Tradeoffs around Node::Opcode()?

Tue Mar 10 17:53:59 PDT 2009

Peter,

if you wish to add an additional field into Node you may instead
extend _class_id field to 4 bytes to cover all classes and use it

(n->class_id() == Node::Class_SafePoint)

instead of

(n->Opcode() == Op_SafePoint)

Sorry, I forgot to mention that class_id can work as Opcode() also.
The problems with this are, first, maintenance - you need to add
several lines in node.hpp instead of one line in classes.hpp for
each node, and, second, 32 bits could be not enough for all classes.

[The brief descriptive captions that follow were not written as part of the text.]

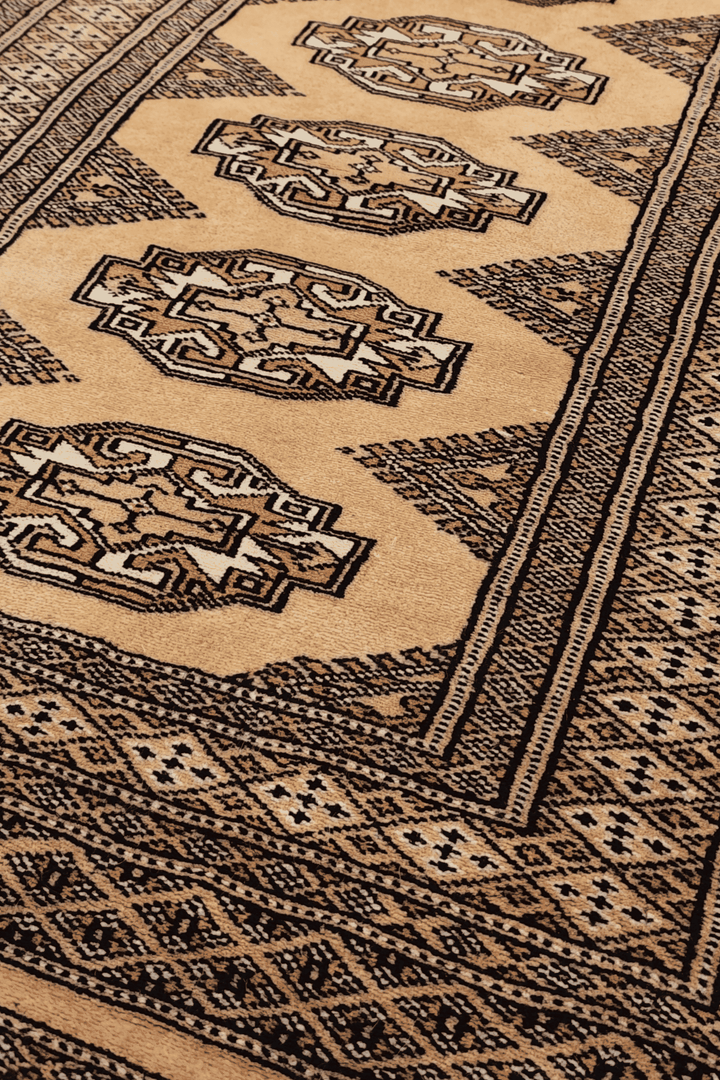 Turkmen Yamoud motifs in wheat gold and beige on wool rug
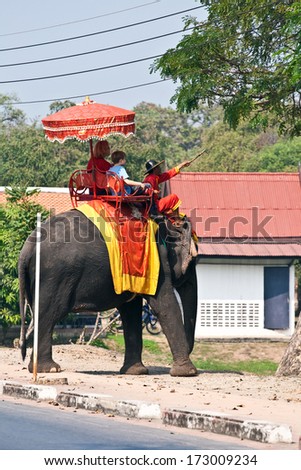 AYUTTHAYA, THAILAND - DEC 24:  tourists on an elefant ride  on December 24, 2009 in Ajutthaja,Thailand. Elephant ride costs 1100 baht per person in the  Ayutthaya Historical Park.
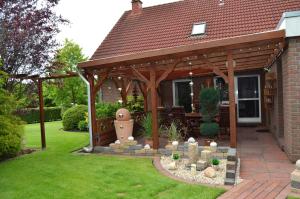 a wooden gazebo in the backyard of a house at Ferienhaus Nikki 35528 in Uplengen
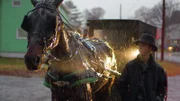 Jeremiah in the rain by a horse and buggy.
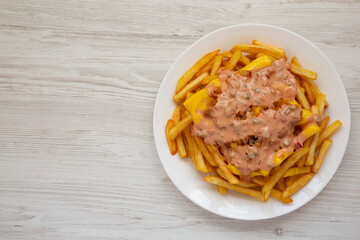 Homemade Animal Style French Fries on a white plate on a white wooden table, top view. Flat lay, overhead, from above. Copy space.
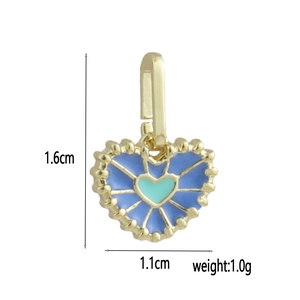 Detail showing blue heart charm in 18k gold plating with size 1.6x1.1cm and 1g weight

I agree that it would be nice to remove virtual Opcode() method.

Peter B. Kessler wrote:
> Thanks for the answers.
> 
> I didn't understand why you say that a subclass would overwrite an 
> _opcode field.  If each AddI constructor initializes my proposed 
> (const?) _opcode field in Node to Op_AddI, and if AddF initializes the 
> _opcode field to Op_AddF, then who would overwrite it?  Obviously node 
> instances can't change their opcodes, or we wouldn't be able to use a 
> virtual function for Opcode() now, unless we change the vtable for 
> instances.

I meant super class and subclass, for example, Op_ConI will overwrite Op_Con:

class ConNode : public TypeNode {
public:
   ConNode( const Type *t ) : TypeNode(t,1) {
     init_req(0, (Node*)Compile::current()->root());
     init_flags(Flag_is_Con);
     _opcode = Op_Con;
   }
   virtual int  Opcode() const;

...

class ConINode : public ConNode {
public:
   ConINode( const TypeInt *t ) : ConNode(t) {
     _opcode = Op_ConI;
   }
   virtual int Opcode() const;

> 
> Then there could be a map from Opcodes to what's now in _class_id and 
> _flags.  E.g., there would be a _class_id table someplace whose Op_AddI 
> entry would contain Class_Add.  As would the Op_AddF entry.  But the 
> Op_AddP index would would contain Class_AddP.  Do the _flags fields 

This approach requires 2 loads instead of current one to read _class_id.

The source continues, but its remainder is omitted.